As far as wiring you might want to get a factory schematic and factory manual. I believe the switch you have a picture of is to make sure one of the internal flap doors are in a particular position before something else works. I could be way off on this but a manual should show this in a diagram.

I have a 74 service manual and there is a section on Heater and Air Conditioning and it shows the electrical wiring and also the vacuum door operation portions. You may have to get one for a 73 and sit down and trace things out.

I think the passenger kick panel flap as well as the one under the cowl is to control and get recirculated air or get fresh air. A person could change out the kick panels to a heat only style.

Jim
 
#3 ·
Heater Switches

Jim... thanks for the reply. Yes I have the aftermarket AC conversion box. I've seen the AC resistor mounted in these, but others have also said that one could also mount a heater resistor in the inside heater/ac box as long as its got air flow when the blower is on.

The switch pictured is on top of the interior heater/ac box (Diverter Door Switch?) and is triggered when the Heat/AC (center lever) is on Heat. My guess is it shunts something in the AC circuit.

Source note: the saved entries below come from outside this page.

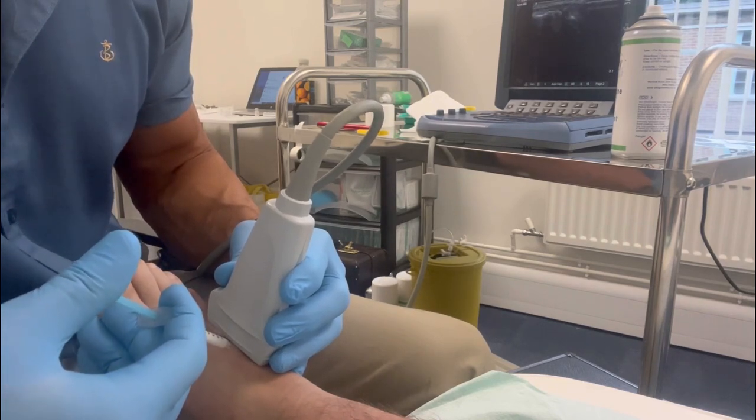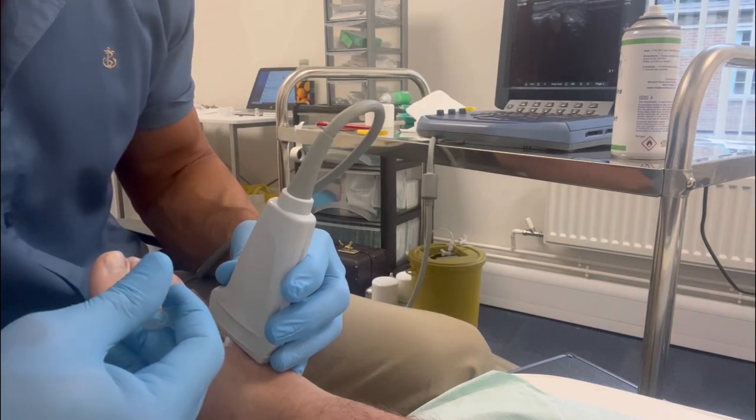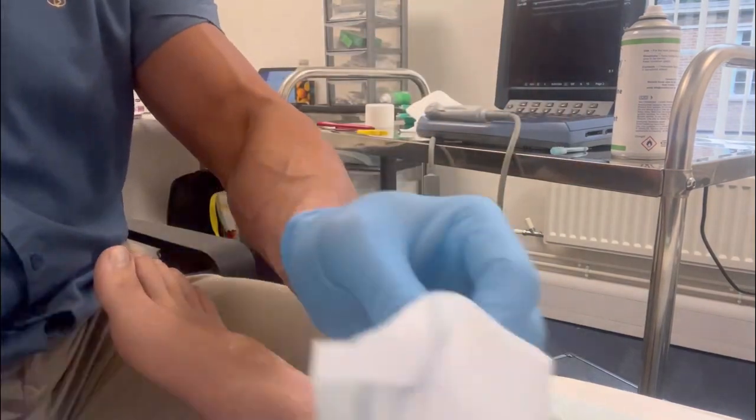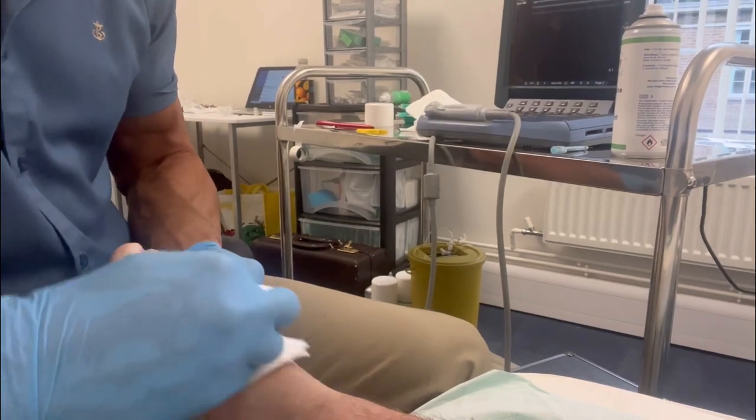You can see on the screen behind just about the needle as it accesses the joint capsule, and the injection is performed perfectly. Hopefully he'll be back playing sport in no time at all.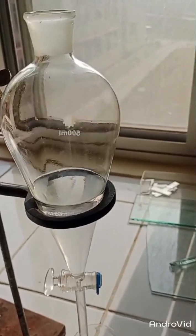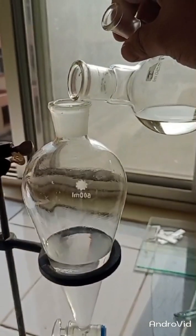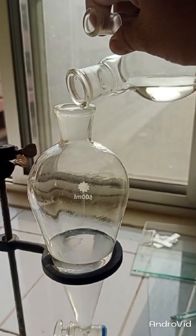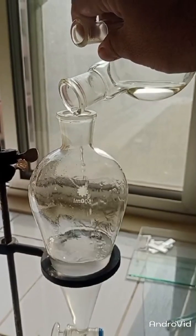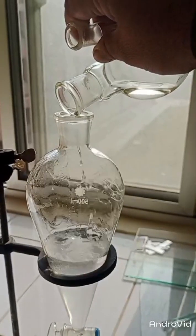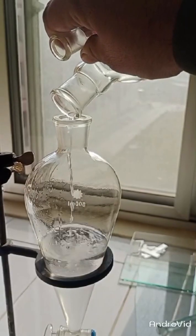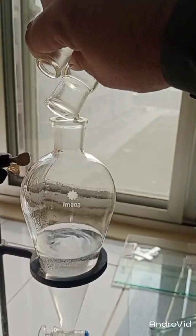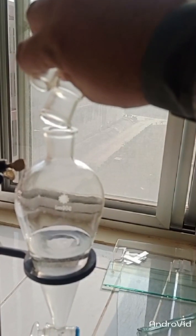All the organic components will be collected in the layer present at the upper surface. Now in the next step, I am going to add my product into this separating funnel. Add it carefully so that your product is not wasted — make sure all the product is poured into the separating funnel.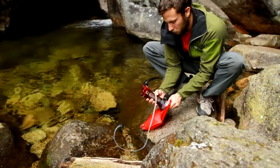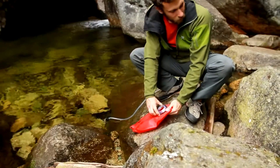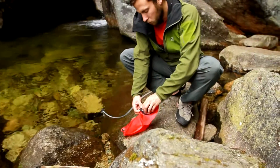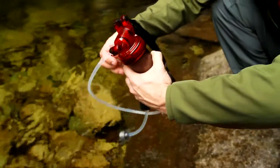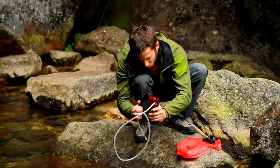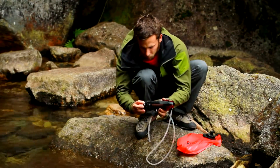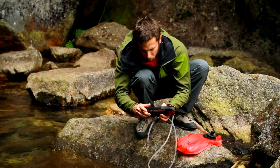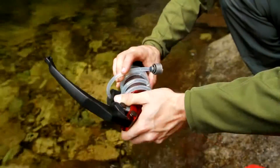When you are finished filtering, unscrew the clean water container and securely fasten its cap. Remove the inlet cage from the water and continue pumping to purge the filter of any remaining water. To avoid cross-contamination, always pack the MiniWorks EX Microfilter with the clean side cover attached. Wind the inlet hose around the housing and secure it in place with the tube clip.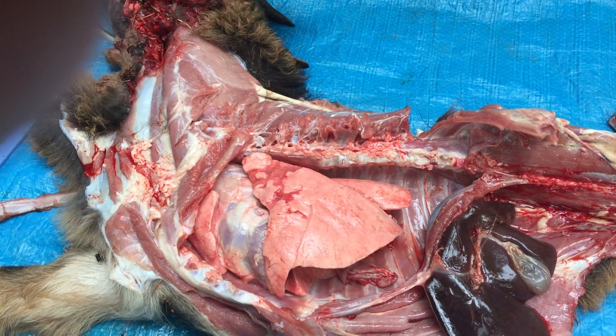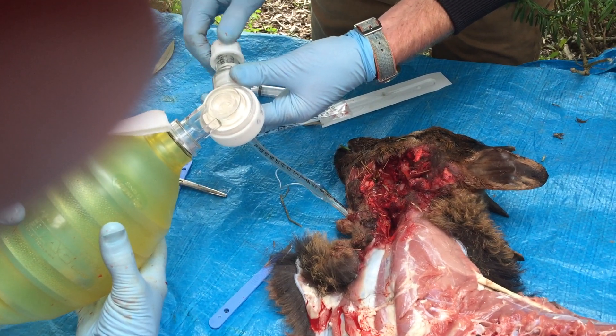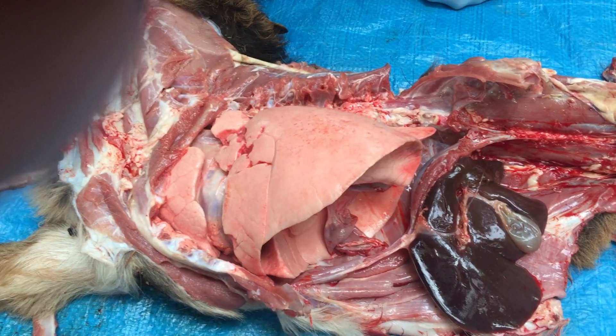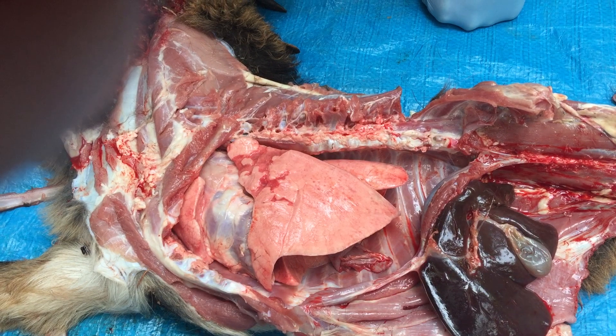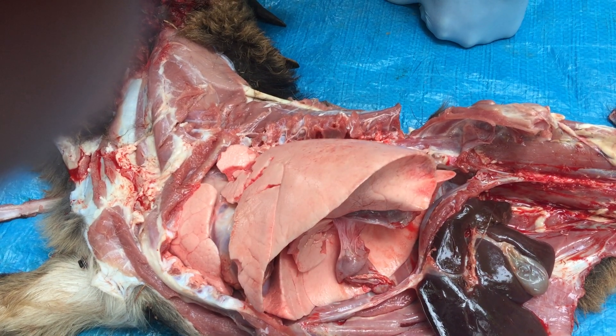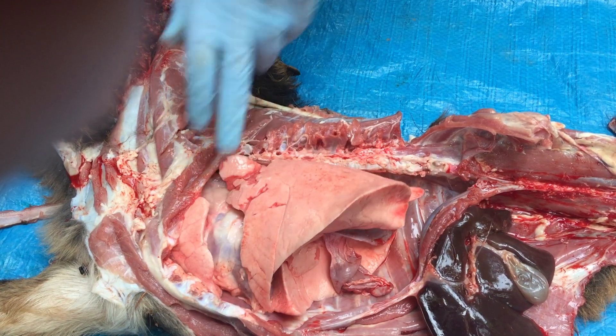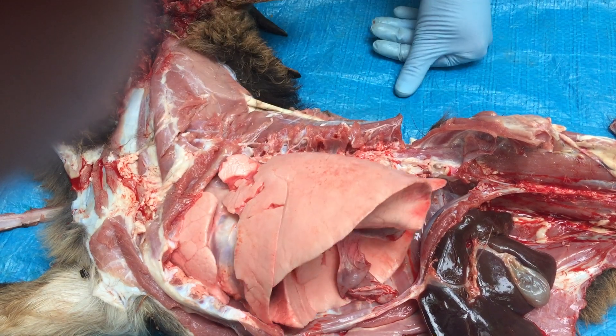Now we'll put that up to five of PEEP. This is five of PEEP. So they're still holding on to some of the volume, and we're seeing some of this area being recruited back here in the lungs.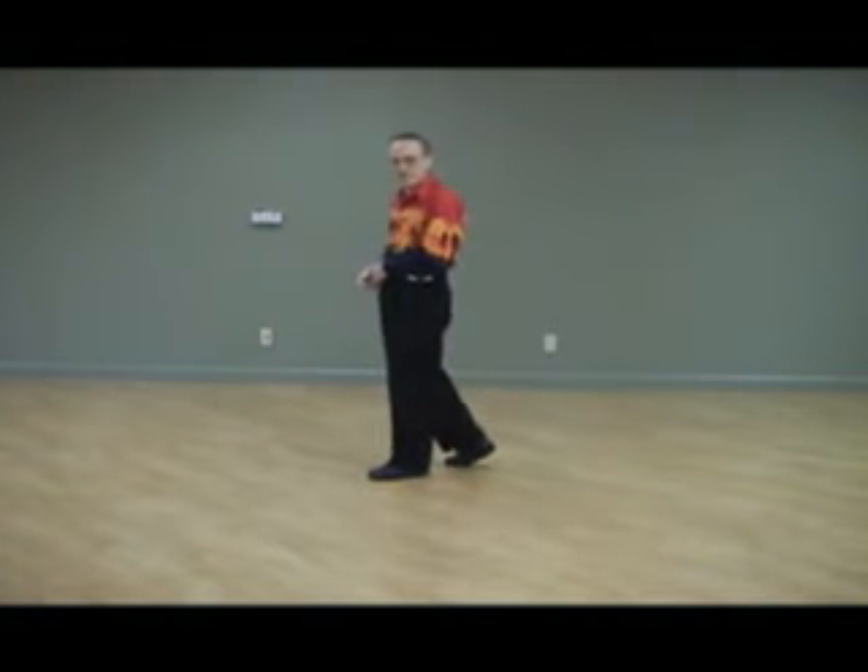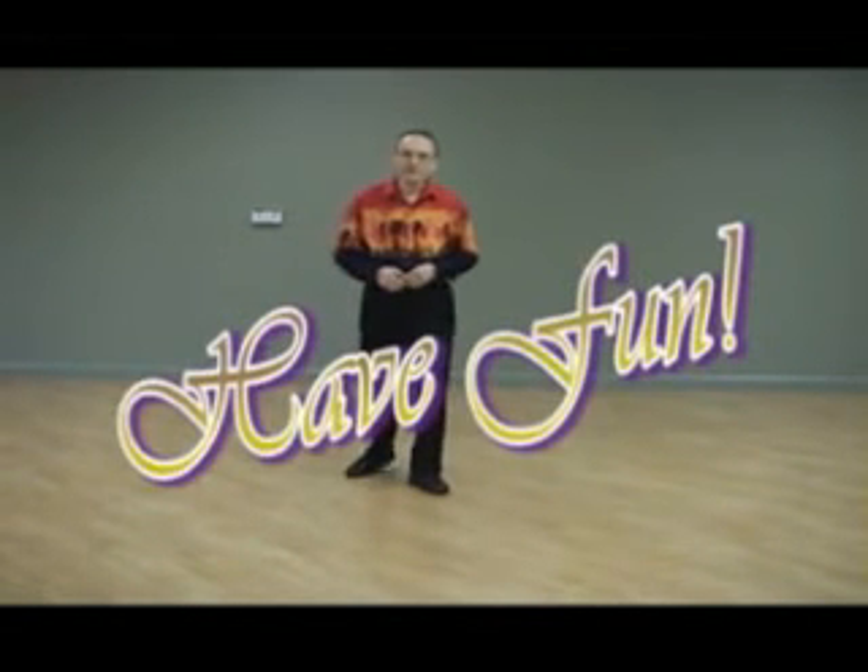You're ready to start the dance over with a right lock step. No tags, 32-count dance. Have fun.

Below is a 71-72 diagram. In this I can see the switch... but I'm still not sure what it "does" in the circuit.
Hope this helps,
Image
I do have a complete 73 AC diagram on its way so I can confirm where everything goes. I'm just trying to figure out what stuff does as I don't want to reconnect stuff I don't need or leave out things that are required for heat.

Also I weighing my options on reconnecting the vacuum canisters but if they are needed for heat then I need to get them back in the mix.

Thanks!
 
#4 ·
Years ago I had the resistors out on some car I was donkeying with and turned on the circuit and I couldn't believe how much they glowed and heated up. I have to think they just need to be in an air flow to keep them from burning up. You do have to wonder why the factory chose the location they had VS where we might want to have them.

I didn't dive real far into the wiring diagram you posted but if I decided just to have heat, I would see what needs to be done as far as actuator doors needing to be moved between floor heat, dash heat, and defroster heat and then decide should I just keep a flap door in one position without the need for any vacuum source or do I need to keep some of the vacuum parts active. I've just never had to figure this out.

If I were to figure things out I might try turning on the ignition switch and get the blower to work at different speeds and then see if I can switch air flow between the floor, dash, and then the defroster vent and if things work without a vacuum signal. If things do work then I might bypass or remove all of the vacuum circuits. Who knows, things might work as you want. Sorry I don't have a more solid answer. If you do get things to work but later on find out during the summer you have hot air flow into the heater core, maybe put in a heater hose block off valve.

Jim
 
#5 · (Edited)
Hooking up the Heater in a Heat/AC delete 73 nova

Good point on the resistor location. I was also considering not using the AC relay but have decided to hook that up as well. The AC components are heavier than the heat-only components (core is bigger, fan is bigger, relay vs no relay, etc). So I'm going to replace everything with the AC components and... put them in the factory location under the hood.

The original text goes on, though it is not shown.